Untuk mengirim orang ke Mars, SpaceX perlu bantuan jauh lebih banyak—tiket 6,5 miliar rupiah tidak banyak membantu menutup biayanya, dan pengetahuan teknis NASA diperlukan untuk mempertahankan nyawa para pelancong itu. Di sisi lain, NASA dapat memanfaatkan roket, kapsul, dan antusiasme SpaceX. Kemungkinan besar mereka akan ke Mars bersama-sama, jika memang jadi ke sana. (Musk sendiri pernah menyiratkan demikian.) Kapan mereka ke sana? Kalau ini kemitraan, lebih mungkin mereka mengikuti jadwal NASA yang lebih hati-hati. Apa yang akan mereka lakukan setelah sampai di sana? Jauh lebih mudah membayangkan beberapa ilmuwan melewatkan satu-dua tahun di stasiun riset kecil di Mars, seperti yang ada di Antartika, daripada membayangkan ribuan orang beremigrasi secara permanen ke metropolis Mars.

“Orang yang mengira ingin tinggal di Mars—saya anjurkan mereka tinggal di stasiun di Kutub Selatan selama musim panas, atau lebih bagus lagi, selama setahun,” kata Chris McKay, ilmuwan NASA dan pakar Mars yang pernah bekerja di Antartika.

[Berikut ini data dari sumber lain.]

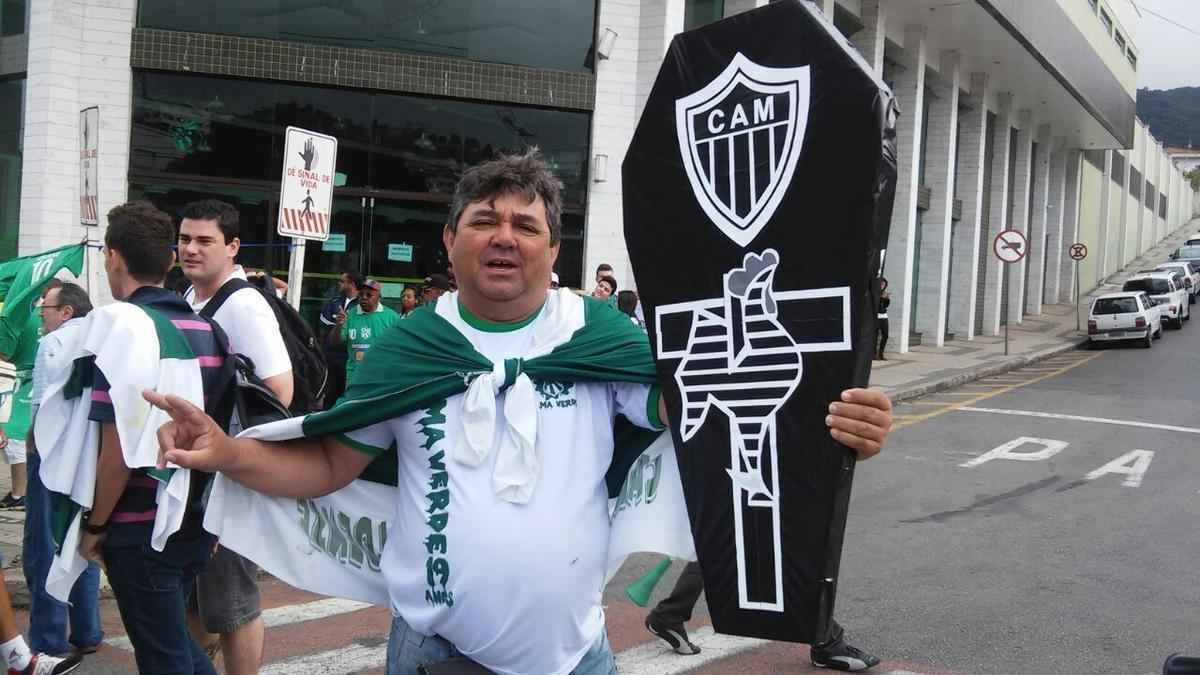Torcida da Caldense, com muito otimismo, embarca para Varginha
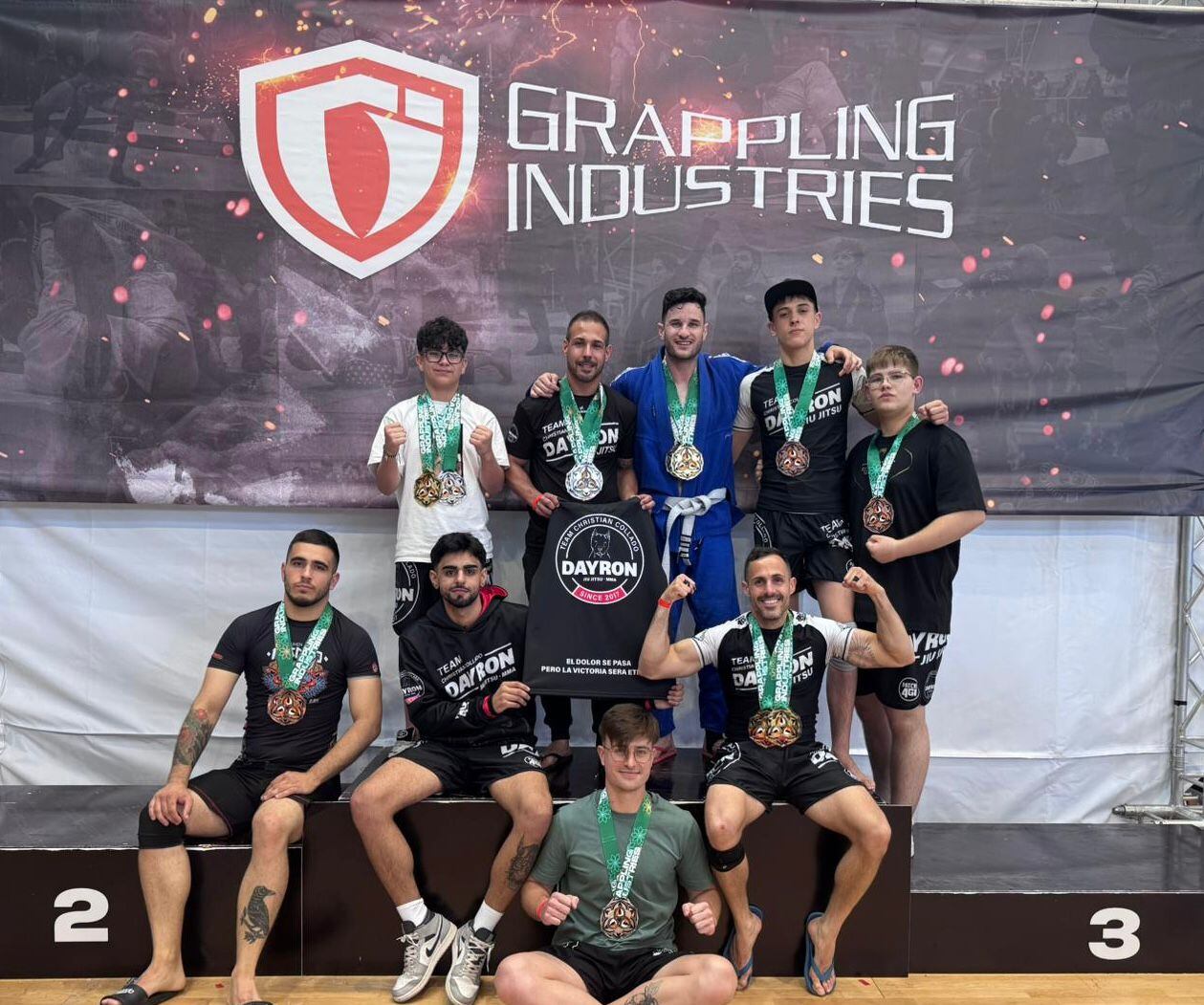 Foto de familia con los campeones del Club Dayron.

Menyiratkan bahwa manusia dapat berlindung di Mars setelah merusak Bumi adalah hal yang “absurd secara etika dan teknis,” kata McKay. “Saya rasa kita harus menganut anggapan bahwa kegagalan di Bumi itu bukan pilihan. Pemikiran bahwa Mars adalah sekoci penyelamat kita itu jauh lebih tragis daripada tragedi Titanic.”

Mikhail Kornienko menyarankan ujian tinggal lama di stasiun antariksa untuk menyaring para peminat yang mengira mereka ingin menetap di Mars. Tak lama setelah dia pulang dari luar angkasa tahun ini, dia mengenang momen saat kru darat membuka tingkap kapsul Soyuz. “Udara stepa masuk ke kabin, dan saya pun memahami bahwa segalanya telah berakhir,” katanya. “Tidak puas-puasnya saya menghirup udara ini. Ingin saya mengirisnya dengan pisau dan mengoleskannya pada roti.”